Concept Pitch

Jul 04, 2011 15:06

Early in grad school, I picked up the habit of skimming Phys. Rev. Lett. and arXiv/quant-ph for interesting-looking papers and writing two-sentence summaries of their big ideas. I'm thinking of taking the resulting paper-summaries file, or at least its stream of future updates, and putting it online as a blog of sorts. It might look something like this:
  • Citation information of papers I read, with a short (~1-3 sentence) summary of what I got out of them (which may or may not be the authors' main point).
  • Longer explanations for the lay reader of particularly cool or accessible papers, as and when I have the time and energy for same.
  • Areas of interest subject to change, but will likely include atomic physics, physics education, soft matter (“squishy physics”), classical mechanics, and interesting applications of thermodynamics and statistical mechanics. More emphasis on cute experiments, intriguing novelties and elegant explanations that on so-called frontier research.

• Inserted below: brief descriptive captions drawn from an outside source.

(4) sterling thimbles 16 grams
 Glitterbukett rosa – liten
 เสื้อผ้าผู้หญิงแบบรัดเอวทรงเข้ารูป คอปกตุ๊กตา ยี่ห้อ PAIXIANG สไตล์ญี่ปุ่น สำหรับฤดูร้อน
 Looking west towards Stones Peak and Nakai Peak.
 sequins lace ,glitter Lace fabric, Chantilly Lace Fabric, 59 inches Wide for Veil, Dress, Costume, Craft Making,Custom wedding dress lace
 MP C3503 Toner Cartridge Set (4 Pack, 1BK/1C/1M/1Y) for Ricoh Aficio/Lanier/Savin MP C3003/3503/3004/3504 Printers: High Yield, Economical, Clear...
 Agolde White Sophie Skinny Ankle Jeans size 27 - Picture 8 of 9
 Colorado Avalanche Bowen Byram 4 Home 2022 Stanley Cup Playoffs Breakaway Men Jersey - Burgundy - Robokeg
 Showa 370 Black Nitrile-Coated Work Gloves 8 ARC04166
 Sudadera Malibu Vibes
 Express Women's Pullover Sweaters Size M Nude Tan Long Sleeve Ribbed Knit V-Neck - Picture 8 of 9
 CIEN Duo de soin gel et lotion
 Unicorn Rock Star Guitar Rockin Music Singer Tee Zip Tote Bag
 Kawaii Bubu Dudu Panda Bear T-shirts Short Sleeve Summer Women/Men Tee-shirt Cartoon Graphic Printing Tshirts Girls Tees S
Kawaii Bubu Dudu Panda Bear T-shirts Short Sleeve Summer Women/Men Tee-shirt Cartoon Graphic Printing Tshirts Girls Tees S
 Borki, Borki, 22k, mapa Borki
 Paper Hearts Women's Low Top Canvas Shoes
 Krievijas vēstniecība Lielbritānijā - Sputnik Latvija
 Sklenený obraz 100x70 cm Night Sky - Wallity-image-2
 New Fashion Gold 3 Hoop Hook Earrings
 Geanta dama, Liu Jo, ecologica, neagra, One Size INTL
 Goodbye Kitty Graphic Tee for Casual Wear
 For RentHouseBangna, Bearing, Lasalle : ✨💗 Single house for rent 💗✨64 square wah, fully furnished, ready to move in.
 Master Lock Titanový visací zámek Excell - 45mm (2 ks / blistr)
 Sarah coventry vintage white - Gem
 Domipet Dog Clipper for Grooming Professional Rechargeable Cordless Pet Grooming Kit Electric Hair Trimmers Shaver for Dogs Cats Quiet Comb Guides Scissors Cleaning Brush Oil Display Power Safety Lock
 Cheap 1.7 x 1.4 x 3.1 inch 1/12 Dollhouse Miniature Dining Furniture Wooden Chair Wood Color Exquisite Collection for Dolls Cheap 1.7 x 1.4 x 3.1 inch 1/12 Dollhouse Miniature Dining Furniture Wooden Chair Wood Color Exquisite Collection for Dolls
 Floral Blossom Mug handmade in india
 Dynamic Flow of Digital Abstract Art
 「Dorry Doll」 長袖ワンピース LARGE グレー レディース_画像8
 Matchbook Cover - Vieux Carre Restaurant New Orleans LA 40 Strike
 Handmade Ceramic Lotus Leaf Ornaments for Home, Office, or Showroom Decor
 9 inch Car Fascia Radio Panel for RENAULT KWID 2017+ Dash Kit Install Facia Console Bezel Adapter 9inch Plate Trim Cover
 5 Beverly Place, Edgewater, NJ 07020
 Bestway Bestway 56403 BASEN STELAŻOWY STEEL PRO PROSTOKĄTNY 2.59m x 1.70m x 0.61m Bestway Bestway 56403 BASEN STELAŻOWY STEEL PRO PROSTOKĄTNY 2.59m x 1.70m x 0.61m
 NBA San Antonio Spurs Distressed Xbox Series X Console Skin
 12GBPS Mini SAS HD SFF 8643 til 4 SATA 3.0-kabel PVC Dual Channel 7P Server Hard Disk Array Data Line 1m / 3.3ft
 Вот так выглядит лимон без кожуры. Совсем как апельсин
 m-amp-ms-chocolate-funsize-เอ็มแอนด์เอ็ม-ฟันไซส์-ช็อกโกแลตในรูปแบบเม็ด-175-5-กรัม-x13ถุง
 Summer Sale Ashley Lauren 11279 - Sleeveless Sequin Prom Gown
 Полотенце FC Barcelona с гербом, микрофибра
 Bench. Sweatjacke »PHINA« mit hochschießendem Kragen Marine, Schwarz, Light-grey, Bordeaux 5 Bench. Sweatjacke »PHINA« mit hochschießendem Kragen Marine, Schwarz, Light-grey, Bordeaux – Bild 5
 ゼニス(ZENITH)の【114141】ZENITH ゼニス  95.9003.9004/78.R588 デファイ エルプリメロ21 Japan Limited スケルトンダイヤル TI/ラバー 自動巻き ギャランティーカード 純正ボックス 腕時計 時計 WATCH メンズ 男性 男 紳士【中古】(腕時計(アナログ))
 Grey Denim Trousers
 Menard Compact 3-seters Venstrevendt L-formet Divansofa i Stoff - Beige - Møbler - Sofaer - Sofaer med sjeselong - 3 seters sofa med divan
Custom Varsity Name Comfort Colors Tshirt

  • Sources definitely to include Physical Review Letters, and some subset of I probably won't be looking at Nature or Science (low signal-to-hype ratio, widely covered elsewhere) or the arXiv (unrefereed, too high a volume for such a broad swathe of fields; I can't even keep up with quant-ph).
  • Bibliographic entries for random novels, movies, musical works etc. may leak in from the rest of my life.
  • Working title is Fysik.bib.
If you'd find such a site interesting or useful, let me know; I've benefitted from the review-blogging that others have done, but this doesn't have as obviously broad an appeal as, say, a primer on sci-fi anthologies or even Slavic literature.
Also, if any of you have suggestions for a suitable platform, I'd like to hear them. Ideally I'd like to just write a BiBTeX entry followed by a paragraph or two of text. Displaying these verbatim with a few navigation links would be fine, the ability to embed a little math would be luxury. This could all be done on LJ, but as the project doesn't rely on LJ's community-oriented features it seems a good excuse to explore elsewhere.